Eventually he gives in, and he and his father resume their habitual frosty relationship, Leo uneasy with his younger son’s sensitive, vaguely girlish nature. Monty grows up dodging physical challenges altogether, trusting in his brain and sharp tongue to get him through life, deflecting threats to his spirit or body.
Not like Dave, who’s right up there on the roof of their house, helping his dad replace a layer of tar paper. The two of them look down at Monty, coaxing him, more like teasing him, into climbing up the ladder.
“Come on up,” Leo says, adding grudgingly, “I’ll help you.”
Monty painstakingly climbs up, step by step, pausing to wipe away his tears.
“Don’t be such a damn sissy,” says Dave.
Monty teeters over the top ledge and, struggling to keep his balance, carefully stands up, glowing with accomplishment, as if he’s ascended Mount Baldy, the highest peak in the nearby San Gabriel Mountains, where LA families go to see fresh fallen snow. From the roof of his house Monty looks out at a view infinitely greater than he’s ever seen from home before. Despite the haze, he can see much of the LA basin and the pale outlines of the successive mountain ranges to the north and east. The world feels far grander from higher up. He’d like to get away from his bullying brother, from his parents, too, and go over those mountains. Get away from LA, with its glaring summer heat; from death, from ladders, from everything that frightens him.
Climbing down from the roof proves even more formidable, until Leo goes first and supports his younger son as he warily makes his way down step by step. “What a wimp,” says Dave from above.

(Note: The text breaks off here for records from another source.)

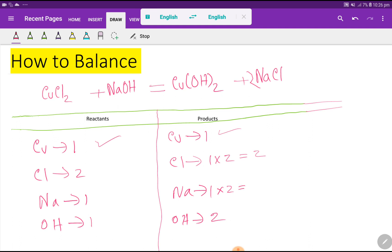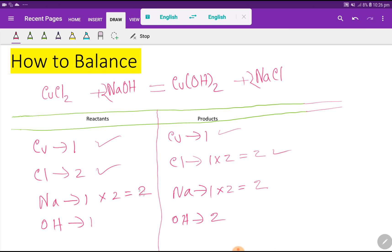With the coefficient of two on sodium chloride, the number of sodium becomes two on the right. Now sodium is one on the left but two on the right, so we place a coefficient of two before sodium hydroxide on the left. This makes sodium two on both sides — balanced. It also makes hydroxide two on the left, and hydroxide is already two on the right, so hydroxide is balanced as well.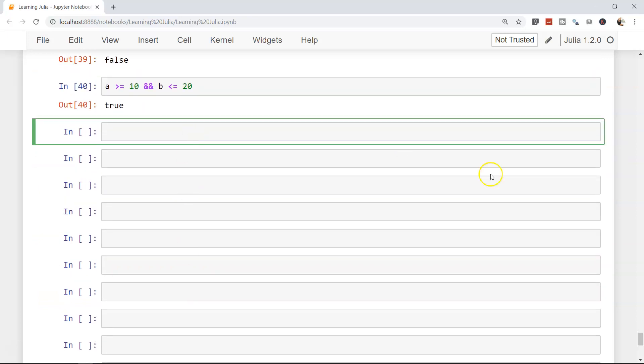So now you have an idea about the AND and OR operators. With OR, if one condition is true the whole statement is true. With AND, all conditions must be true — otherwise it returns false.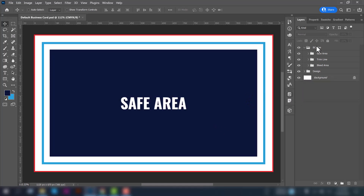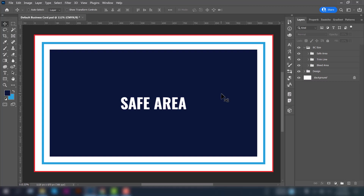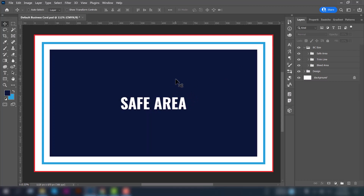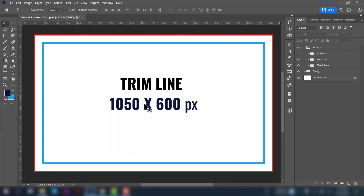Before we create our design, we need to know a few rules. There are three parts of a business card design: first, the safe area; then the trim line; and then the bleed area. You can see the red line here — this is the bleed area. The safe area is where the main information of the business card goes, and the trim line is the area which will be printed. The standard business card size is 1050 by 600 pixels.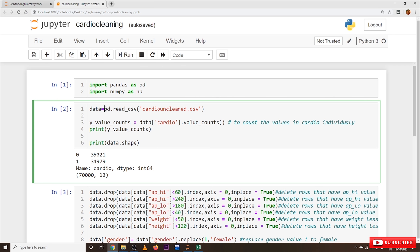We already discussed this line of code in our last class. We use this function to take the dataset which is in a .csv file, convert it into a DataFrame, and place it in a variable called 'data'. Coming to the next line: data['cardio'].value_counts() — 'data' refers to our dataset in DataFrame structure, and 'cardio' is the column we're considering.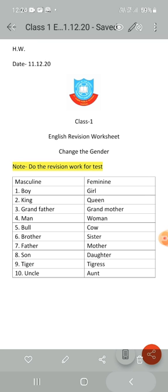Boy. The feminine of boy is girl. King — queen, spelled Q-U-E-E-N. Grandfather — grandmother. Man — woman.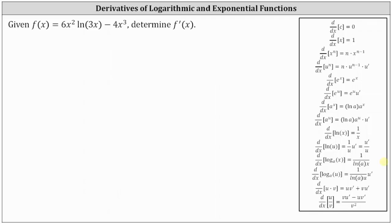We are given f of x equals six x squared times natural log three x minus four x cubed, and asked to determine f prime of x. Notice to differentiate six x squared times natural log three x, we will have to apply the product rule of differentiation.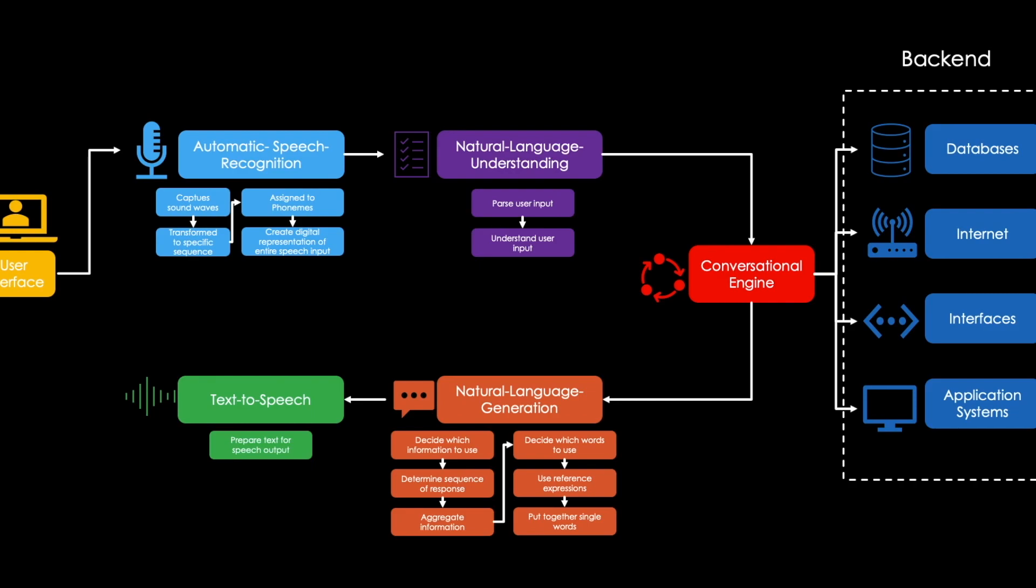In the second phase, this transcription is then transformed into actual speech sounds. The transformation itself is done by a rule-based or data-based method. Rule-based methods attempt to artificially generate human speech, whereas data-based methods make use of previously recorded human speech sequences. Afterwards, we receive a response from the chatbot.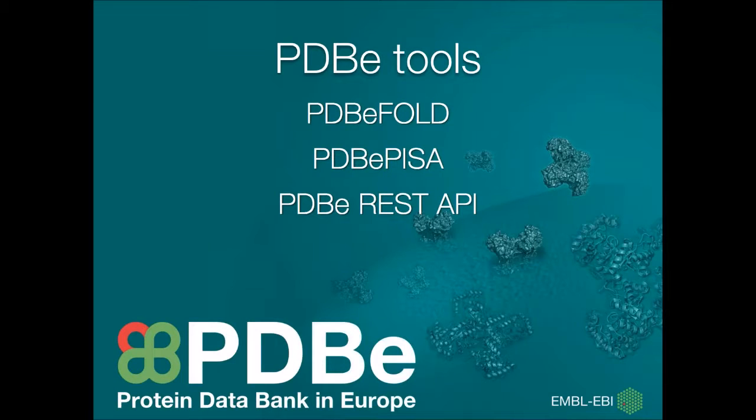There are a number of tools that we have developed here at the PDBe that you may find useful to your own research.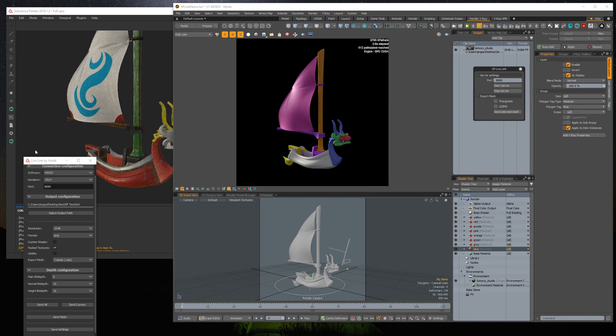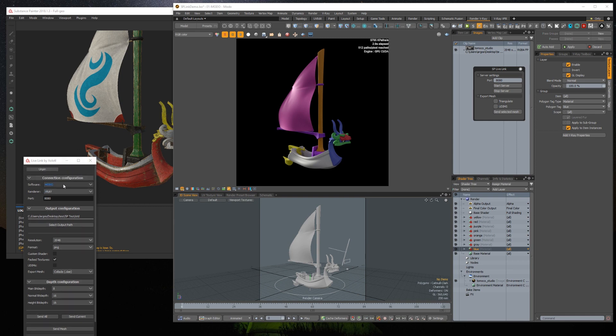Once Modo is listening, open Painter's plugin, set Modo as software, and set the same port you defined in Modo.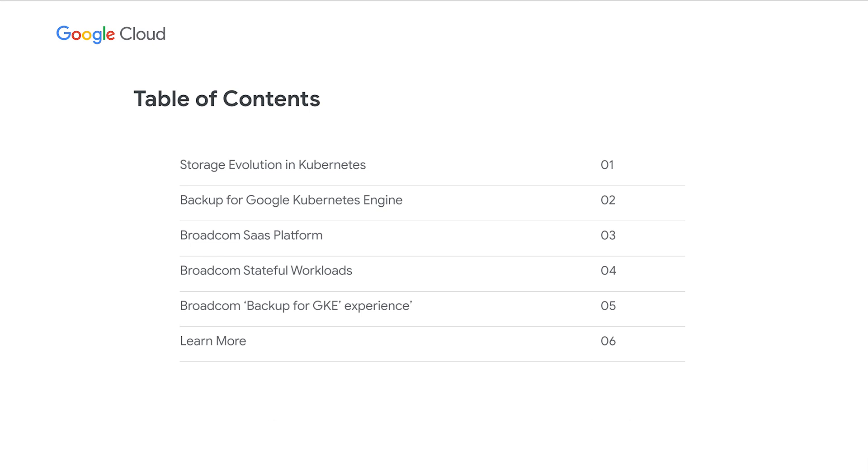We'll start with looking at the history of storage evolution in Kubernetes, get a deep dive into the new Kubernetes backup service for GKE workloads. We also have with us the Broadcom team who will share their experience using the backup for GKE service.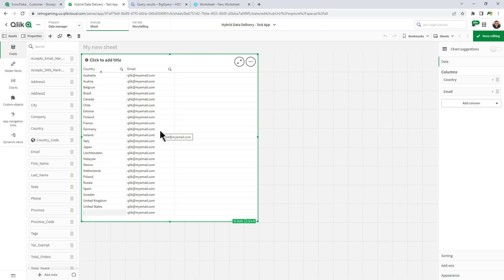That's all I wanted to show you. As you see, we have expanded hybrid data delivery to load analytics-ready data directly to Snowflake from a number of cloud-based data sources. If you have any questions, please post them where this video is posted in the comments below. And I'll be happy to accommodate.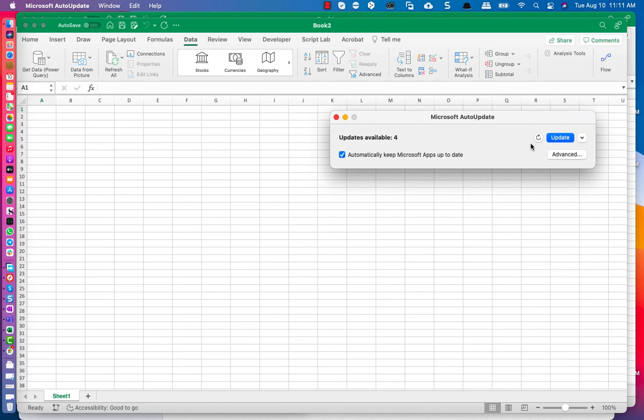And voila, that is it. Click on Update - I'm not going to click on Update now since I want to do another video. So you click on Update and instantly you start seeing new features in your Excel for Mac.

One time when the two are playing catch in the driveway and Monty keeps dropping the softball, Dave, exasperated, throws one extra hard, and it hits his brother in the crotch. Hearing Monty wailing, Leo runs out of the house, slamming the door.
“Goddamn it,” he shouts at Dave. “Be more careful. And why don’t you make a greater effort?” he adds, turning to Monty.
“He’s such a klutz,” Dave says.
“Shut up,” Leo shouts. “And stop whimpering, Monty,” he adds, looking askance at his younger son, stumped how he can toughen him up to face a world infinitely more cruel than his brother’s taunts.